Recently, domestic artificial intelligence company Zhupu AI announced a major move, officially open sourcing its self-developed video generation model CogVideoX to developers worldwide. This move aims to further promote the rapid development of video generation technology and expand its application boundaries in the commercial and creative fields. With its cutting-edge large-scale model technology architecture, CogVideoX not only meets the needs of high-end commercial applications but also achieves significant breakthroughs in performance optimization.


Outstanding performance of the open-source version, unlimited creativity with a single card

It is worth noting that the open-source CogVideoX-2B version demonstrated extraordinary performance optimization capabilities. Under FP-16 precision, the model only requires 18GB of VRAM for inference and 40GB of VRAM for fine-tuning. This means that a single NVIDIA RTX 4090 graphics card can easily complete the inference task, and the fine-tuning work can be efficiently done on a single NVIDIA A6000 graphics card. This major breakthrough greatly reduces the technical threshold, enabling more developers and small businesses to easily get started and participate in the innovation and application of video generation technology.


Empowered by 3D VAE, reshaping the benchmark of video generation quality

The core competitiveness of the CogVideoX model lies in its use of 3D Variational Autoencoder (3D VAE) technology. This technology compresses the spatial and temporal dimensions of videos through innovative 3D convolution, achieving unprecedented high compression ratio and excellent reconstruction quality.
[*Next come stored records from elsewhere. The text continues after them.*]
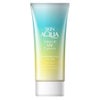 【ロート】スキンアクア トーンアップUVエッセンス ミントグリーン（日焼け止め）SPF50+／PA++++ 80g 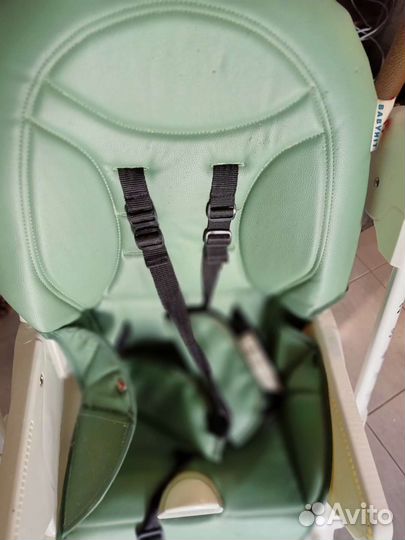 Стульчик для кормления baby hit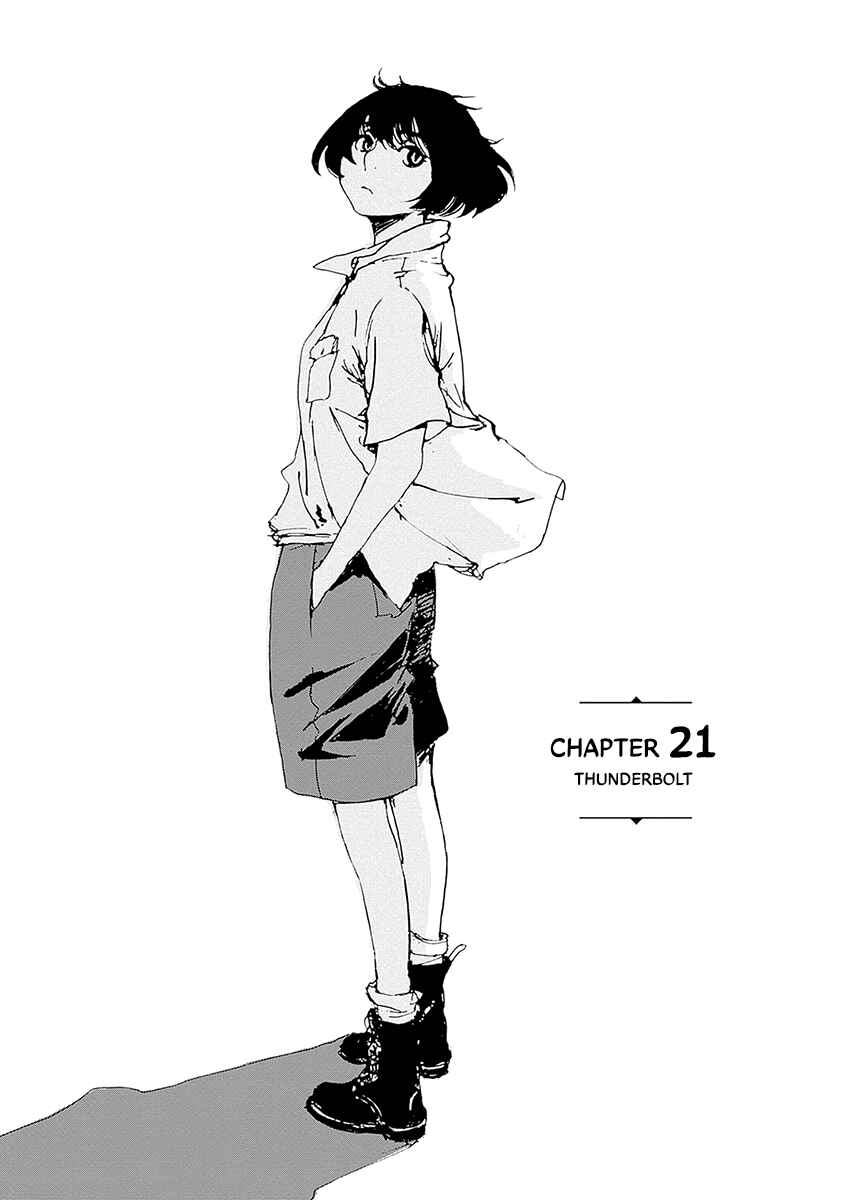 Chapter 21 - Page 1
The model's architecture design is ingenious, including an encoder, a decoder, and a latent space regularizer, which ensures the causal logic of information processing through temporal causal convolution and guarantees the coherence and rationality of the generated video content. In addition, the model integrates expert Transformer technology, which can deeply analyze the encoded video data and combine it with textual input to create high-quality and story-rich video content.


High-quality data-driven approach to solve video generation pain points

In order to train a high-performance CogVideoX model, Zhupu AI has invested a lot of resources in developing an efficient method for selecting high-quality video data. This method effectively eliminates low-quality videos with excessive editing and incoherent motion, ensuring the high standards and purity of the training data. At the same time, the team has innovatively built a pipeline for generating video captions from image captions, cleverly solving the problem of video data lacking detailed textual descriptions and providing a richer and multidimensional source of information for model learning.

Leading performance evaluation, continuous exploration in the future

CogVideoX has demonstrated outstanding performance in multiple key performance evaluation metrics, especially in human motion capture, scene reconstruction, and dynamicity, winning wide recognition in the industry. Meanwhile, Zhupu AI has also introduced evaluation tools focusing on video dynamic characteristics, further refining the evaluation dimensions of the model.